Premier constat - L’analyse stérile qui a été systématiquement avancée dans les médias pour l’expliquer, et qui consiste à affirmer que le phénomène Obama a à voir avec sa couleur de peau et avec la soif de rédemption des américains vis-à-vis de la ségrégation raciale, est un raccourci pour analyser un phénomène pourtant très simple dans sa signification.
Obama n’a jamais utilisé le thème racial dans sa campagne électorale.

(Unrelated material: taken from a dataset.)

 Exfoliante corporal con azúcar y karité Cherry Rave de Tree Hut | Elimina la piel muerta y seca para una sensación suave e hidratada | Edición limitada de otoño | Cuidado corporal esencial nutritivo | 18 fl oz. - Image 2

Pourquoi ? Parce que pour lui un individu n’est ni un noir, ni un blanc, c’est avant tout un être humain.. Obama est un humain qui s’adresse à la race humaine. Obama réconcilie un monde déchirée par les divisions. Parce que les individus en ont assez d’être mis en situation conflictuelle. Parce qu’Obama ne cherche pas à opposer tout le monde. Car dans son discours les concepts de races supérieures ou inférieures n’ont pas lieu d’exister .
Parce que le citoyen reprend conscience de son rôle primordial dans la destinée de son pays et parce que le peuple ne s’exprime réellement qu’en situation de réelle urgence et en désespoir de cause.

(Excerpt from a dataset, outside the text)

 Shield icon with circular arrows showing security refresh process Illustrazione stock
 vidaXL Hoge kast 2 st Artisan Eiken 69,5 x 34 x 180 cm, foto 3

Avènement singulier, Obama apparaît comme un candidat sincère, « genuine » comme disent si bien les Américains. Il ne fait pas partie de ces leaders politiques qui exploitent l’arme de la culpabilité, ce discours universel sous-jacent pour justifier leur programme politique. La culpabilité de histoire commune et propre aux Grandes démocraties, ou l’on justifie de façon hypocrite un thème électoral ou des choix politiques en exploitant tour à tour la shoah, la colonisation, l’impérialisme. La culpabilité d’une France vis à vis de son passé coloniale. La culpabilité d’une Amérique vis à vis de la ségrégation et de sa politique impérialiste en Irak.

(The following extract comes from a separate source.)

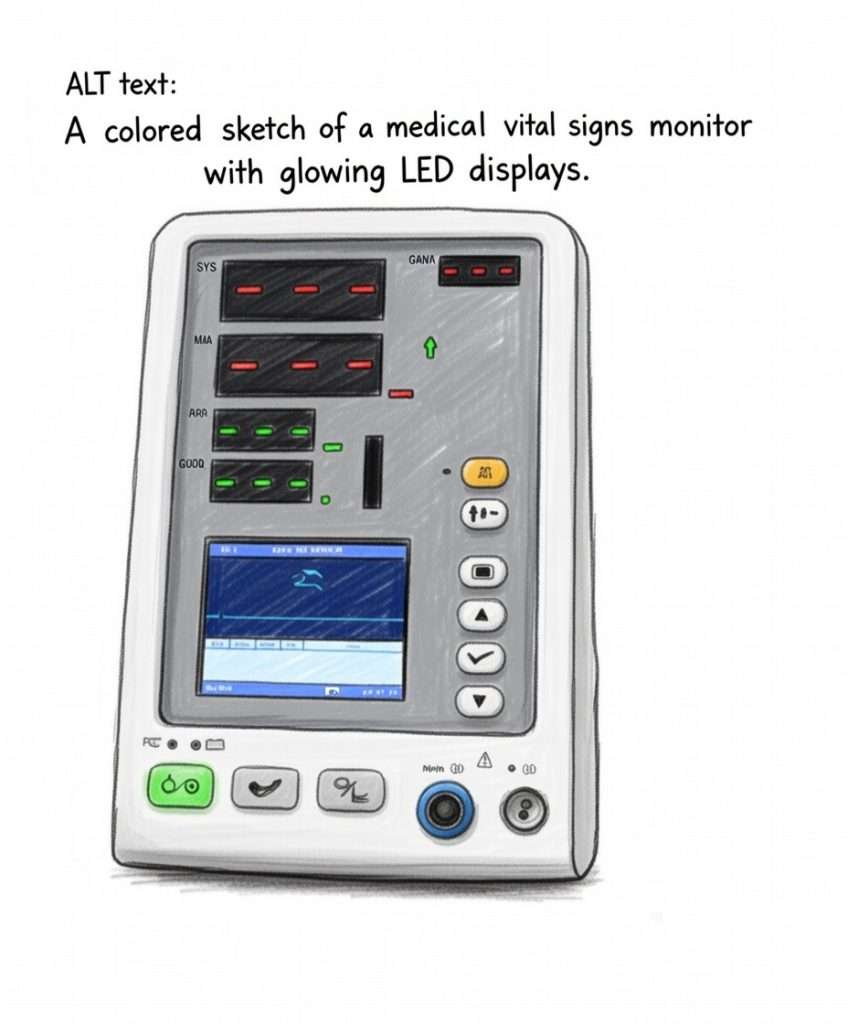 Glowing LED displays show patient vital signs on a medical monitor.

De plus Obama a la particularité d’être charismatique. Pertinence du discours, visionnaire, pragmatique, grand orateur, Obama incarne une nouvelle génération de politiciens, ceux qui font vibrer les foules et qui redorent l’image d’une politique déchue. Il s’adresse à tous ceux qui s’étaient désintéressés des débats politiques et qui avaient perdus la foi en leur représentants. Il est de ceux qui ravivent la conscience patriotique et en appellent au peuple (c’est-à-dire aux citoyens de toutes origines) pour le faire participer au grand chantier démocratique, celui qui est basé sur les fondements de la démocratie, là ou la société est plus juste et égalitaire . Il fait de la politique au delà du clivage gauche droite. Il est porteur d’un message d’espoir. Celui qui affirme que la société est capable de se réinventer, et qu’on ne doit plus se rattacher aux vieilles méthodes mais qu’il faut innover, évoluer avec son temps même si cela demande des sacrifices.
Deuxième constat - Obama est trans-générationnel. Il ne réconcilie pas seulement une Amérique déchirée, coupée en deux, mais il est tout d’abord un symbole d’espoir dans un monde sans scrupules.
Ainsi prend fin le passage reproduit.